You’re walking down Beale Street with your family and before you realize it, you’re mere feet from a homeless person slouching against the wall of a shop. He holds out his hand for some spare change and your eyes immediately dart away from him — like a reflex. A female beggar stands in an intersection holding a sign, “Homeless. Not an addict. Anything will help.” Your car is right beside her. Your knuckles tighten on your steering wheel and you feel the heat building in your face as you awkwardly try to avoid making eye contact, praying the light will turn green.
Many of us have had these experiences. They are disturbing and can even be frightening. When strangers enter our space with their brokenness, it feels unsettling. We’re not prepared for the weight of that moment. But here we are, living in a world that is full of pain. So will we engage or will be retreat?
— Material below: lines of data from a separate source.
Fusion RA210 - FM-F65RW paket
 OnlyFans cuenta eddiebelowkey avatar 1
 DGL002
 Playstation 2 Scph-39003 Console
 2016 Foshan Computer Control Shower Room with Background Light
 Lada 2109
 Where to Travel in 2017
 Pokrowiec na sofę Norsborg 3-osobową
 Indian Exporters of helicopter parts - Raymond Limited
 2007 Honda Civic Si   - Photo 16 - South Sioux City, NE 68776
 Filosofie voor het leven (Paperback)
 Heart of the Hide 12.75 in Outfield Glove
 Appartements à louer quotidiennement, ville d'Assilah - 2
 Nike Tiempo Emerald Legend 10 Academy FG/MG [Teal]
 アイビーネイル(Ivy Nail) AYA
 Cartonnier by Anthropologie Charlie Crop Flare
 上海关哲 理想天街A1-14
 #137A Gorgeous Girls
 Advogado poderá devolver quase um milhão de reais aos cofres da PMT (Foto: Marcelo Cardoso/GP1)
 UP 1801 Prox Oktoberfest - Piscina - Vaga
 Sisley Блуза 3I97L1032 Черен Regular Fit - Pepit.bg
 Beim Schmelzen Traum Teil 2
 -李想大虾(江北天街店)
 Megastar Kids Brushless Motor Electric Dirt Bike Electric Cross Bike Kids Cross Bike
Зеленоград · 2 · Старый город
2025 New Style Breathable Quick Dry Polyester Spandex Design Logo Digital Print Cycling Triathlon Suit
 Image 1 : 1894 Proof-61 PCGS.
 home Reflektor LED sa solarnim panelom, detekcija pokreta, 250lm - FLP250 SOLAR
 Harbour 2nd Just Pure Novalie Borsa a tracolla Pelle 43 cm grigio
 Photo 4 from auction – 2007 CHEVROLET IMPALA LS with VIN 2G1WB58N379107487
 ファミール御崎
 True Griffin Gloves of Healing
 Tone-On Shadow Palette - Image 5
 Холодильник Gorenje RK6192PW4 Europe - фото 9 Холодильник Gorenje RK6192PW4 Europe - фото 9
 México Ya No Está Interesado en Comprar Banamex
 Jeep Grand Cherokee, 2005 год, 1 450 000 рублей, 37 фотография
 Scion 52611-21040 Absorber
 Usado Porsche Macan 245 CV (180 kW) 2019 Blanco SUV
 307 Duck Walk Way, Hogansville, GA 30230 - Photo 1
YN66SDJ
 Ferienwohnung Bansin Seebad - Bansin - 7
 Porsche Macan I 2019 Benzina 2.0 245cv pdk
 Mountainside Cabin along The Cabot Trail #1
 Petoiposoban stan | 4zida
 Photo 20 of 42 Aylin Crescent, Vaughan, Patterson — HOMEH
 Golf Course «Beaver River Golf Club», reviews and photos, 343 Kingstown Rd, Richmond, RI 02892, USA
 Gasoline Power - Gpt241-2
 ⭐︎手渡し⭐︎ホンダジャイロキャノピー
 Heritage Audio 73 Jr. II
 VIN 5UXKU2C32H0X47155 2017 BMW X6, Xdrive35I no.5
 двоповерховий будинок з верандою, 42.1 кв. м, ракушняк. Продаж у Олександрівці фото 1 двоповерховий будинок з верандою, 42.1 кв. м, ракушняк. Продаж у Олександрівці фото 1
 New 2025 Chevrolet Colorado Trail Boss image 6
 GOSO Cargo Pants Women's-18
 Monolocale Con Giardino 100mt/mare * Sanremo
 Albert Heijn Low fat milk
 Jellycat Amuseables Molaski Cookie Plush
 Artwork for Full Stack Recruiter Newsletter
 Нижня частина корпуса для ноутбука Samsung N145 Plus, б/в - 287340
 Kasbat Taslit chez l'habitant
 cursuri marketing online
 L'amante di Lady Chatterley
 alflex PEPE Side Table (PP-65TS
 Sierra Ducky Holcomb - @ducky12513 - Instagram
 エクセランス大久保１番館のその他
The Poet of Lamentations leads us to this same uncomfortable place. He calls us to look upon the desolation of Lady Zion, Jerusalem. He draws our attention to her brokenness and her pain. Babylon has brutalized her. The few remaining inhabitants who escaped the exile and the sword weep over her. No, she is not innocent in this story (who is?). But she is still loved by God nonetheless. And the Poet calls us to lament over her, too, over our world — the same way Jesus lamented over her hundreds of years later: “And when he drew near and saw the city, he wept over it” (Luke 19:41).